Hardly daring, it tells a simple home-town sort of yarn that could be shown in any church basement during a benefit. The most daring sequence involves the top button of the hero’s shirt being opened. It raises hopes and quickly shatters them by cutting to a routine small-town shot which was as exciting as a bowl of tapioca.
At this moment, my friend has suggested that it was the hero of this film [Ben Affleck] who recently committed suicide. I hope not. He was a handsome, intelligent young fellow who should be starting a long career in films. Sandra Bullock seems a shade too old for him, too sophisticated and too smooth. Pleasant enough she smacked of polished professionalism while the young man was as ingenious as a peanut-butter sandwich. But never so bland. He implied a depth that the film couldn’t realize. It’s an old situation in which the actor is a notch above the film he’s in. His best work is yet to come.
The credits tell us there was lots and lots of music. You have to know popular music very well indeed to watch an interesting film and separate yourself enough to identify the music. This, too, is an old story. A movie isn’t a concert. The better the film and music, the less of the music you hear. It merely accents and enforces what you see in a more or less subconscious way. In a real sense, good film music is subliminal. This, of course, is retrospective. Were a composer to try to write a subliminal score, he’d find himself in trouble. It’s the sort of thing that happens.
Going back to the shirt-button line of thought: It was surprising to me that there wasn’t enough sex in such a minor film; it would have helped and, handled correctly, would have done no harm.

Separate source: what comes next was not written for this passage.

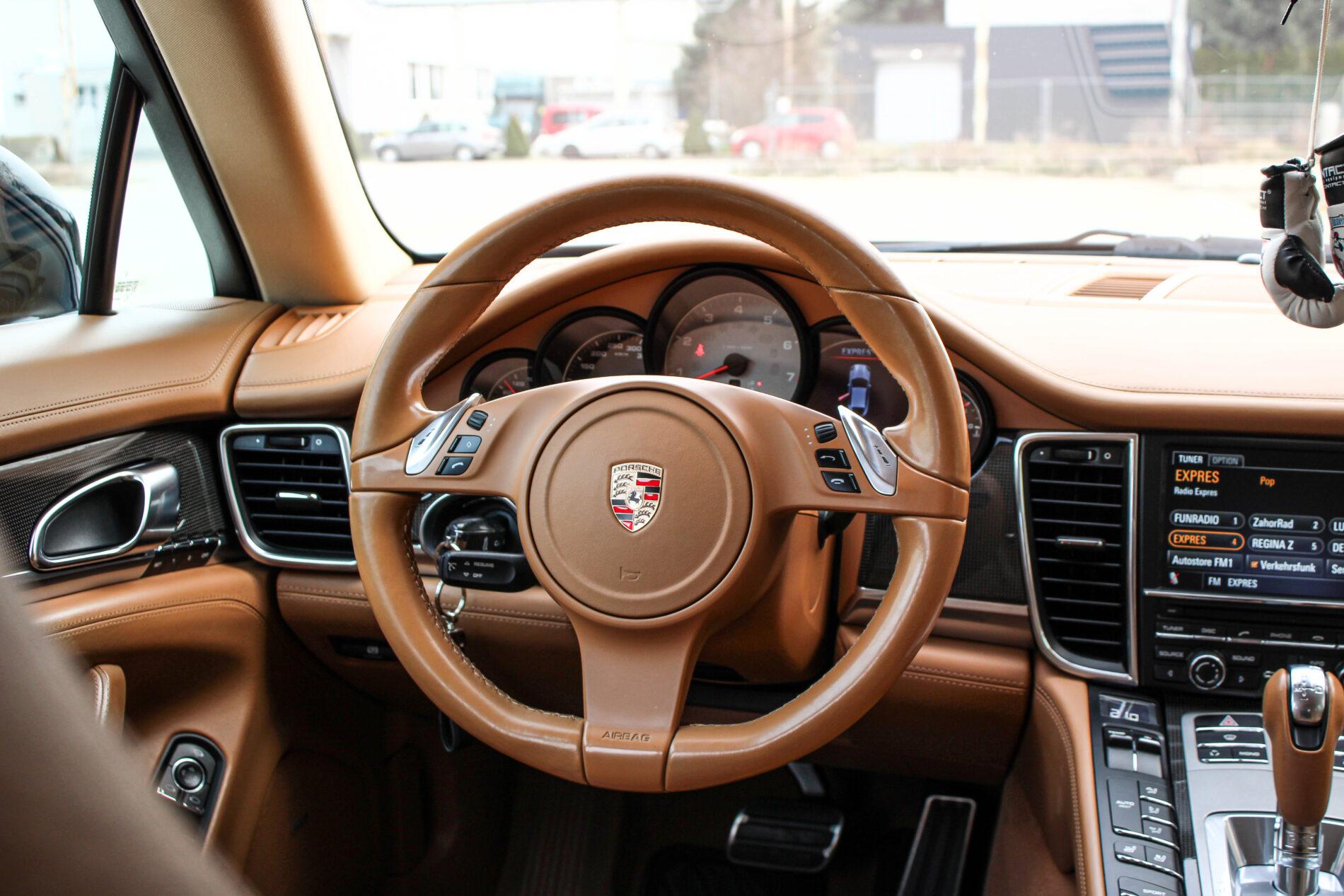 2010 Porsche Panamera S / 4S, černá sedan, 264 126 km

I read the word “sex” and realized all over again how loaded the word is. There’s all kinds of sex: raw, blunt, disgusting, exciting, tantalizing, amusing and on. When we saw a brief shot of the young man’s trouser front, I had hopes that something was about to be done that would contribute to today’s film entertainment. I had reason to. They don’t show men’s trouser fronts in film these days. That area is off limits. But that shot is an end in itself, and we go on to more pedestrian facets of U.S. romance in the great middle classes. It comes to the point where we are shown a pair of hands, male and female, entwined, and are required to imagine all the rest. It’s fraudulent. We go to movies to have them imagine for us. Fools that we are. The average movie belonging to the family film genre has little idea of real sexuality. They couldn’t be “sexy” if they had a gun pointed at their empty heads. Good sex is where—as in this film—the young man watches a girl dancing seductively, rolls his eyes heavenward, and digs his hand deep into his pockets. Up until then, no one ever suspected that this particular pallid young man might have an active pair of gonads rolling around inside in his briefs. The gesture was revealing, and the audience laughed sympathetically. I came within an ace of applauding.
Another new face to look for is the hero’s best friend [Steve Zahn]. A seasoned young actor with a pleasantly homely face, you’ll be seeing lots more of him, too, in the years to come.